• SOURCE MATERIAL

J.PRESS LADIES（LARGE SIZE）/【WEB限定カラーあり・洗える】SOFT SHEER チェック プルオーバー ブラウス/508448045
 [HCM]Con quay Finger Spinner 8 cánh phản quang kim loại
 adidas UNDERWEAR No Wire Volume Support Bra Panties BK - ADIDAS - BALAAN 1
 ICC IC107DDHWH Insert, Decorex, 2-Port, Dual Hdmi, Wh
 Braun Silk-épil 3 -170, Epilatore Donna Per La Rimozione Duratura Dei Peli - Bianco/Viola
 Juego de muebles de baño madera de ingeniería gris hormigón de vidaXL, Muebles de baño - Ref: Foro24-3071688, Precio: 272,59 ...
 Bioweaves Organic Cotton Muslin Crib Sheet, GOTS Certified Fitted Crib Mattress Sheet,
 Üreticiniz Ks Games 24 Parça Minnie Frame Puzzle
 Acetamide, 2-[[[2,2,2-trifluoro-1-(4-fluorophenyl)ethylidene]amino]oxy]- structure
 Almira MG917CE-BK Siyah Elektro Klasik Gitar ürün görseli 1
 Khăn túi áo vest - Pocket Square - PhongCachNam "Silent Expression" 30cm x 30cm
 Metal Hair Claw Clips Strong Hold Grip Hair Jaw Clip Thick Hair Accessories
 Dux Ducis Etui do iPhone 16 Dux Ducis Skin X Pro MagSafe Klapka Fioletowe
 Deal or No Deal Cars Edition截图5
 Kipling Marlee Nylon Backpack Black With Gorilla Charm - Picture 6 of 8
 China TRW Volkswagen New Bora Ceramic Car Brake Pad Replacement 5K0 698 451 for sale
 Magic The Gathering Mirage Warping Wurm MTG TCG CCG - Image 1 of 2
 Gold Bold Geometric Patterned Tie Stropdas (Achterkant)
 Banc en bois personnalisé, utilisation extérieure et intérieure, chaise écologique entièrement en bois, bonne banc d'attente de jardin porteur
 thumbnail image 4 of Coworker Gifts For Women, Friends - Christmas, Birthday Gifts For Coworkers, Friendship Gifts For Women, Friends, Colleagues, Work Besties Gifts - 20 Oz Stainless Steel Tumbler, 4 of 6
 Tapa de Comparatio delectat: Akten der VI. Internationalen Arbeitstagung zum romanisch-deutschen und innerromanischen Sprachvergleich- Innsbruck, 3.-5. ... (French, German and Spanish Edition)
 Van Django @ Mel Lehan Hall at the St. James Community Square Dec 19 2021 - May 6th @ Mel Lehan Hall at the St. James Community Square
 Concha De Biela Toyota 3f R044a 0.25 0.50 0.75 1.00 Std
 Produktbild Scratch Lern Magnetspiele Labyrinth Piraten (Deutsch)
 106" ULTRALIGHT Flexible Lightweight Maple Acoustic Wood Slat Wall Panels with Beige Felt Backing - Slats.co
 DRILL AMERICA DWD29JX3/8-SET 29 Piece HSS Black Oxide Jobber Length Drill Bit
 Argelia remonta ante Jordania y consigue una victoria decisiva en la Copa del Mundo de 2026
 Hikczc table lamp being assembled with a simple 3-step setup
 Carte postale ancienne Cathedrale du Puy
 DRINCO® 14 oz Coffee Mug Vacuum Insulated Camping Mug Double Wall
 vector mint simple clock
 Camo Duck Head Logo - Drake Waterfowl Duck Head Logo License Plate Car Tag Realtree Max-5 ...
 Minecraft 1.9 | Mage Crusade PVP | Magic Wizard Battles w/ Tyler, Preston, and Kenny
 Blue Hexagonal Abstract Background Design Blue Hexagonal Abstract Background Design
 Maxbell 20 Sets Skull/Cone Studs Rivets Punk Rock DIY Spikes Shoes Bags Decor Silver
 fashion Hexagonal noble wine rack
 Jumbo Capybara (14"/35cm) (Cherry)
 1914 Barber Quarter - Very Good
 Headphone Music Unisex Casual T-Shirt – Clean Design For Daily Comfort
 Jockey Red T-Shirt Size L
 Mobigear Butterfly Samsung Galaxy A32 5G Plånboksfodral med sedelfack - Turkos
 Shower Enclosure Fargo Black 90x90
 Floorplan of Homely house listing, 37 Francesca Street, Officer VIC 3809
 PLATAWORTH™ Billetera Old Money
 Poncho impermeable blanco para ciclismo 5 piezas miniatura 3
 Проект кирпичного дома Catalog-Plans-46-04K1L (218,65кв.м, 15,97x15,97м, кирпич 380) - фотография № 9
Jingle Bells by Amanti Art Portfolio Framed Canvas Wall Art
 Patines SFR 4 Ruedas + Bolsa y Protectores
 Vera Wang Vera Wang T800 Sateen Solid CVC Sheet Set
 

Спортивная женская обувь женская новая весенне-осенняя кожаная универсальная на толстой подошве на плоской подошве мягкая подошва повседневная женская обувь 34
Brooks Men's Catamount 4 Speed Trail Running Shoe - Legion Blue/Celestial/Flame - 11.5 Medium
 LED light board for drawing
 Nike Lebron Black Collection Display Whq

• WHAT IS NEEDED
When you reach the line that contains "Üreticiniz Ks Games", stop; that line and every line before it, from the very first line of the data, should be restated word for word.

• RESPONSE
J.PRESS LADIES（LARGE SIZE）/【WEB限定カラーあり・洗える】SOFT SHEER チェック プルオーバー ブラウス/508448045
 [HCM]Con quay Finger Spinner 8 cánh phản quang kim loại
 adidas UNDERWEAR No Wire Volume Support Bra Panties BK - ADIDAS - BALAAN 1
 ICC IC107DDHWH Insert, Decorex, 2-Port, Dual Hdmi, Wh
 Braun Silk-épil 3 -170, Epilatore Donna Per La Rimozione Duratura Dei Peli - Bianco/Viola
 Juego de muebles de baño madera de ingeniería gris hormigón de vidaXL, Muebles de baño - Ref: Foro24-3071688, Precio: 272,59 ...
 Bioweaves Organic Cotton Muslin Crib Sheet, GOTS Certified Fitted Crib Mattress Sheet,
 Üreticiniz Ks Games 24 Parça Minnie Frame Puzzle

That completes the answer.